Por que você é indispensável? Porque você foi aceitou (João 6.37), escolhido (João 15.16), separado (Gálatas 1.5), enviado (João 17.18), convocado, escalado, selecionado.

Dos indispensáveis, aquele que nos colocou espera três coisas: que sejamos firmes, inabaláveis e abundantes (1 Coríntios 15.58).
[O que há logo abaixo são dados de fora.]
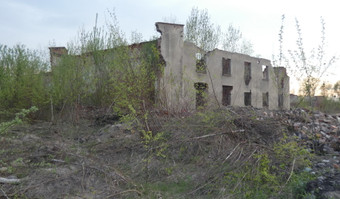 Pozostałości kompleksu budynków przemysłowych, Gliwice,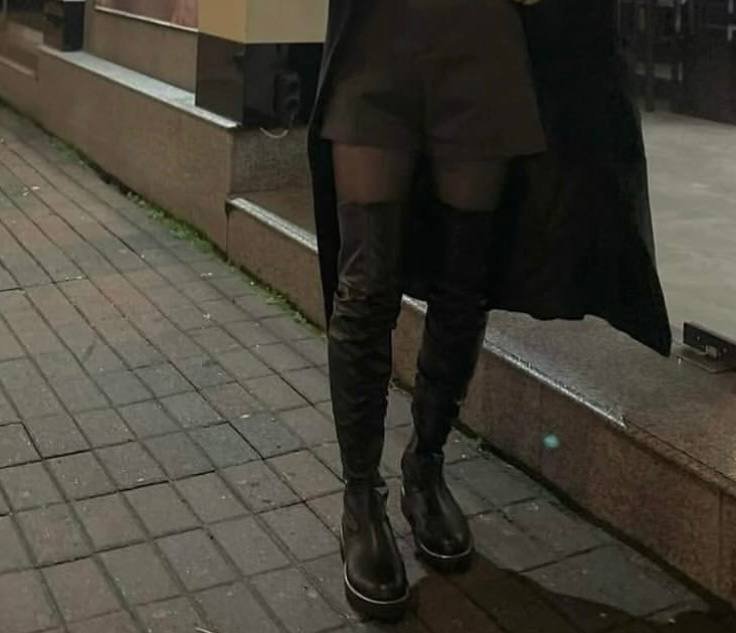 Ботфорты женские размер 37-38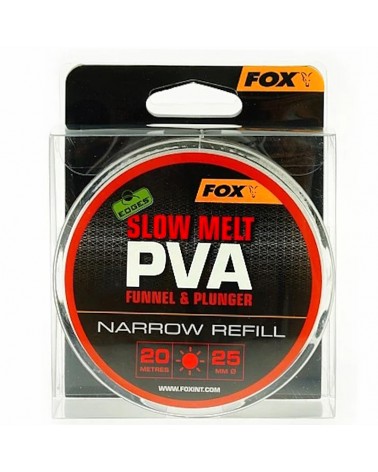 Siatka Zapas Fox Edges Slow Melt PVA Narrow Refill 25mm 20m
Firme: inabalável, passos firmados na rocha, Jesus (Salmos 40.2). Assim, Deus o conservará em perfeita paz (Isaías 26.3). Comece, prossiga e termine bem.

Inabalável: Estou há 51 anos em Londrina, cheguei com 35. Chuvas, tempestades, borrascas vieram, ventos sopraram, mas a igreja não caiu. Atribulados, não angustiados; perplexos, não desanimados; perseguidos, não vencidos. Perguntei a Russell Shedd: o que é angústia? É a mulher lavando roupa: torce, torce e torce. O reverendo Jonas Dias Martins disse: Messias, eu tenho a dor, a fome, a tristeza, mas elas não me têm.            

Abundante: Jonas pregou a 120mil, com raiva. Todos foram convertidos. Noé pregou com piedade e ganhou 8 almas. Quem teve sucesso? Não podemos julgar pelos números. Cuidado!

Não foi em vão a oração feita em 1931; os cultos nos ranchos de palmito à luz de lamparinas; o casamento coletivo na Unopar, onde a desembargadora me disse, em prantos, que o Rev. Jonas assistiu sua família em miséria; a chegada dele em sua mula, a Bolívia; a família Machado trazendo areia para a construção do Templo; o dinheiro da lavadeira e do homem do eito (roça).

Não foi em vão o grupo de mulheres de oração, embrião da Tarde de Esperança. Eu não ia por ser ocupado. Passei e vi as solas dos sapatos do Rev. Jonas, ajoelhado. Quando quer, Deus fala pelas solas dos sapatos. Passei a estar ali todas as semanas.

Não foi em vão que fui junto ao presbítero Eliezer Dias da Silva conhecer este espaço onde estamos lançando hoje, na fé, uma casa de oração.

Não foi em vão que fui pregar a um menino de 15 anos, na Água do Boi Mouro. Eu, aos 18 anos, falei de João 14.1-6. Era Matias Quintela de Souza.

Não foi em vão que conheci, no Edifício Alasca, uma família: Elias, Leontina, Rosane, Rodney e Rodolfo (5 anos). Ele cresceu um pouquinho e eu disse: vou te ensinar versículos da Bíblia. Cresceu, foi estudar em São Paulo, casou-se e me hospedou no seu apartamento, num colchãozinho na sala. Não foi em vão quando esse menino se tornou o pastor desta igreja.  

Não foi em vão que conheci um jovem chamado Wilson Matos. Ele se formou, esposa grávida, me pediu para mandar sua mudança junto com a minha para Londrina. Hoje ele está aqui.

Guardo tudo na minha retina e nas tábuas do meu coração.

Na estrada, chegando a Londrina, avistei a cidade e vi uma figura: Jonas Dias Martins. Ouvi uma voz: tu fecharás os seus olhos. Treze anos depois, numa sexta-feira, ele foi. No Hospital Evangélico, fechei os olhos do meu querido amigo. Não foi em vão.